The ACLU today filed a lawsuit in federal district court on behalf of a North Smithfield resident, seeking the return of lawfully possessed weapons that were seized from him over six years ago by the local police department and which the department still refuses to return to him. The lawsuit, filed by RI ACLU volunteer attorney Thomas W. Lyons on behalf of Jason Richer, argues that the North Smithfield Police Department has violated his right to due process and his right to keep and bear arms by retaining his property without just cause. The ACLU successfully filed a similar lawsuit against the Cranston Police Department three years ago.
In September 2008, police responded to Richer’s house when his now ex-wife called to express concern that he had tried to harm himself. Although Richer explained that he was not suicidal and that his wife had misconstrued a conversation they had, police forced him to submit to a mental health evaluation at Landmark Hospital.

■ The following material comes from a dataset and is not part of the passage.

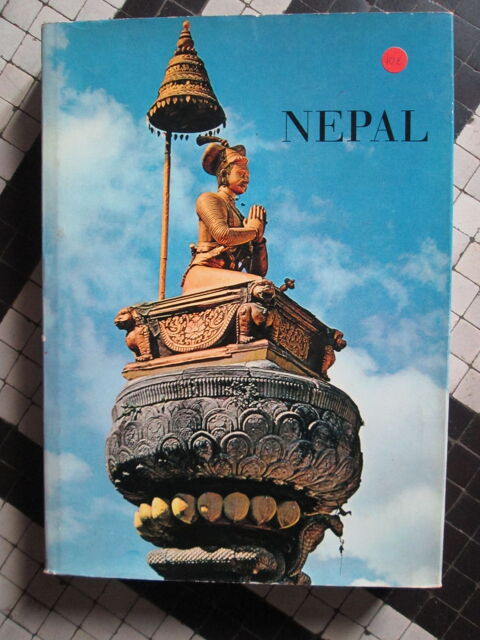 Beau livre Népal (nombreuses photos) 10 Herblay (95)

The doctor who saw him there discharged him shortly after his arrival, and no charges were ever filed or any other action taken. In the meantime, police seized “for safe keeping” three lawfully registered guns from a locked case in Richer’s garage. Two months later, when Richer tried to retrieve the guns, police refused to return them, telling him he would need to obtain a court order.
Both his ex-wife and a psychologist provided letters to the Department in support of returning the guns to him, but the Department still refused to do so. Over the years, Richer has repeated his request for the return of the weapons, but he has been consistently rebuffed. He most recently pressed a Captain at the department for their return in January of this year. The Captain said he would talk with the town solicitor about it, but Richer never heard back from anybody. In March, the ACLU wrote a letter to the police chief on Richer’s behalf, but also received no response, prompting the filing of today’s lawsuit.

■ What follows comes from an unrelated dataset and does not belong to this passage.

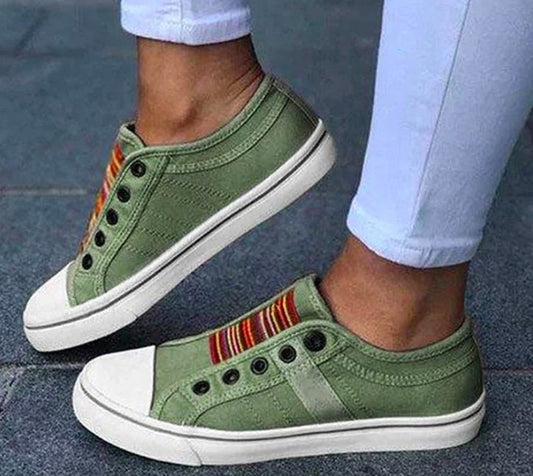 Pinterest-inspirierte Andrea Serena Sneakers aus Canvas ohne Schnürsenkel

The lawsuit claims that the police department’s practice of requiring “weapons owners who are not charged with a crime to engage in formal litigation in order to recover their seized property” violates Richer’s due process and Second Amendment rights. The suit seeks a court order declaring the police department’s practice unconstitutional and requiring the return of his weapons, as well as an award of monetary damages.
ACLU attorney Lyons said today, “The North Smithfield Police Department has no legitimate reason to keep these guns. This is a clear violation of Mr. Richer’s constitutional rights.” Jason Richer added: "I am resolved to do all I can to end the unconstitutional practices and procedures employed by the North Smithfield Police Department. From the moment my firearms were seized, I have been asked to prove that I am fit to have them returned, and all the proof I have provided has been dismissed and ignored. This flies in the face of the presumption of innocence we enjoy as Americans. This practice must be stopped.”

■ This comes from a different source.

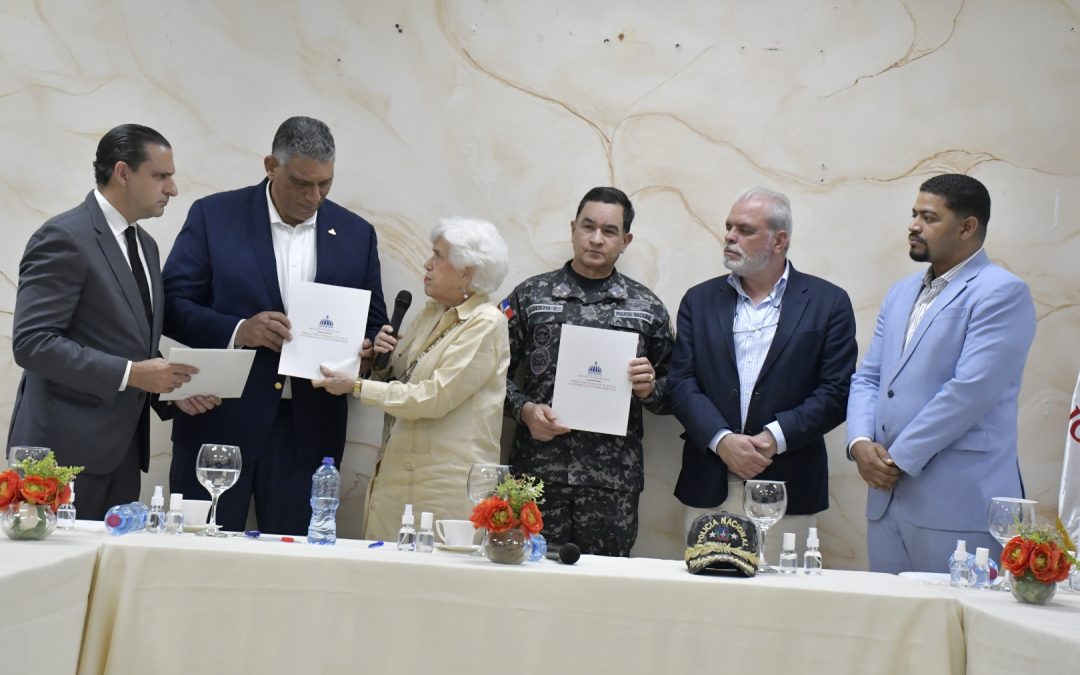 Interior y Policía recibe observaciones de Digeig para creación  Código de Ética PN; prioriza cambiar carácter autoritario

In 2012, the ACLU filed a virtually identical suit against the Cranston Police Department, which settled the case by returning the weapons that had been unlawfully held, agreeing to make any necessary repairs to the weapons while they had been confiscated, and paying monetary damages and attorneys’ fees.
ACLU of RI executive director Steven Brown added, “Police cannot seize a person’s property for safekeeping and then keep it indefinitely. Mr. Richer has been extraordinarily patient, yet the police have done nothing but make excuses about returning his property to him. Police departments must learn that the Constitution simply does not allow them to arbitrarily keep the property of innocent residents.”